**** DATA

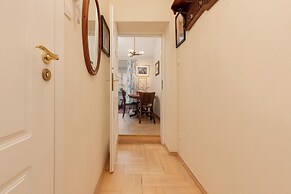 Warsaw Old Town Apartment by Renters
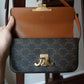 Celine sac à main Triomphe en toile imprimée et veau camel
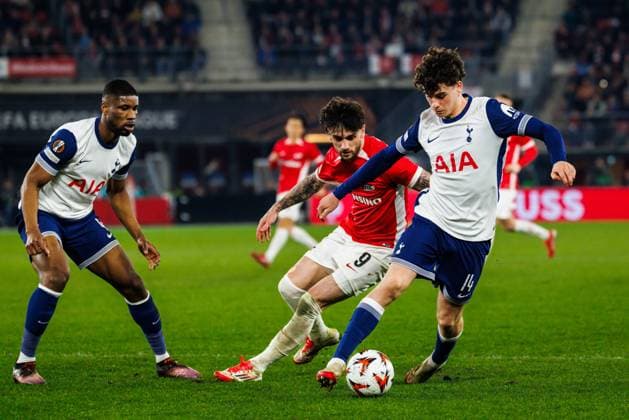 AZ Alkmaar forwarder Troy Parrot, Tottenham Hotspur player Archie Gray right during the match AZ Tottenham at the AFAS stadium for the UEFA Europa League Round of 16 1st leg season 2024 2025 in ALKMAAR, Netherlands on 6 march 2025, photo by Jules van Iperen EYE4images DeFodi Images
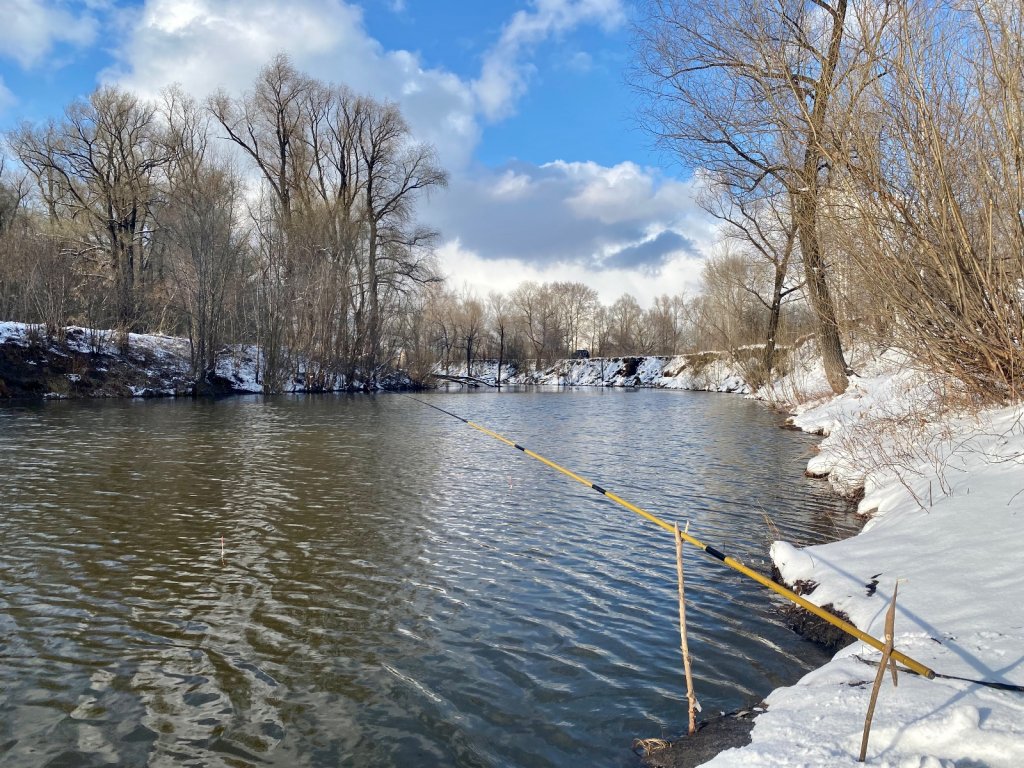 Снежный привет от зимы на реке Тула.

********

* _WORK REQUEST_:
Everything in the data except the pictures should be restated word for word.

* _REPLY TO THE EXERCISE_:
 Warsaw Old Town Apartment by Renters
 Celine sac à main Triomphe en toile imprimée et veau camel
 AZ Alkmaar forwarder Troy Parrot, Tottenham Hotspur player Archie Gray right during the match AZ Tottenham at the AFAS stadium for the UEFA Europa League Round of 16 1st leg season 2024 2025 in ALKMAAR, Netherlands on 6 march 2025, photo by Jules van Iperen EYE4images DeFodi Images
 Снежный привет от зимы на реке Тула.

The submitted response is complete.